Benvenuti a Monteripido, un luogo sospeso nel tempo dove la spiritualità francescana incontra la grande storia, la bellezza dell’arte e il dinamismo della vita contemporanea.

Situato sul colle a nord di Perugia, appena fuori la porta medievale di Sant’Angelo, questo antico eremo custodisce da quasi ottocento anni un patrimonio unico. Da rifugio del Beato Egidio (terzo compagno di San Francesco) a culla di grandi santi, teologi ed economisti, Monteripido è da sempre un faro culturale e spirituale per l’intera Umbria.
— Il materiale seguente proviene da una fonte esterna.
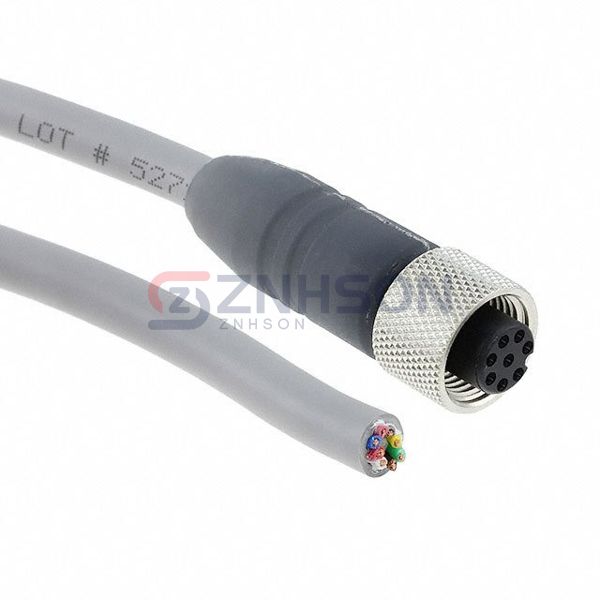 AR0800103 SL400 Preview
Oggi, la comunità dei frati continua a far pulsare questo luogo straordinario, aprendo le sue porte a studenti, viaggiatori, studiosi e amanti dell’arte.

La storia del convento

Viaggia nel tempo dal 1229 ai giorni nostri. Scopri le origini legate al Beato Egidio, l’impulso del movimento dell’Osservanza con Paoluccio Trinci e il passaggio di giganti della fede come Giovanni da Capestrano e Giacomo della Marca. È qui che Bernardino da Siena fondò lo Studium generale e che, grazie all’intuizione di frate Barnaba Manassei, nacque l’idea rivoluzionaria dei Monti di Pietà, le banche moderne a sostegno dei più poveri. Rivivi le drammatiche soppressioni ottocentesche e la rinascita del Convento.

I tesori da scoprire

Il complesso di Monteripido custodisce un patrimonio artistico e culturale di inestimabile valore. Lasciati affascinare dalle nostre bellezze:

  • Il Chiostro e la Chiesa: Lasciati incantare dal seicentesco Chiostro di San Bernardino, con le sue lunette affrescate che raccontano i Fioretti di San Francesco. La Chiesa ospita oggi un imponente Crocifisso ligneo del XV secolo, il suggestivo Trittico del trapasso del maestro futurista Gerardo Dottori e un prezioso organo cinquecentesco.
  • La Biblioteca Monumentale: Progettata nel 1754 dal celebre architetto Pietro Carattoli, è un vero capolavoro d’arte. Con il suo soffitto decorato da Paolo Brizi e le sue scaffalature artistiche, custodisce oggi circa 23.000 volumi, tra cui manoscritti e cinquecentine. È aperta al pubblico per la consultazione e ospita eventi culturali di prestigio.
  • La Galleria Donati: Uno spazio espositivo che custodisce oltre 200 opere grafiche (xilografie, acqueforti e acquetinte) del grande maestro incisore francescano Padre Diego Donati, ricreando fedelmente l’atmosfera del suo laboratorio.

L’accoglienza

Monteripido è un luogo vivo e accogliente. I frati francescani aprono le porte del Convento e della Biblioteca a visitatori, scuole e gruppi ecclesiali per ritiri spirituali e visite guidate. Grazie a sale attrezzate e all’antico refettorio, il complesso è anche la cornice ideale per conferenze, convegni e appuntamenti culturali. La struttura ospita la Residenza Universitaria e Albergo “Casa Monteripido”, una soluzione ideale per studenti che cercano un ambiente comunitario e fraterno, ma anche per turisti, relatori e partecipanti a convegni.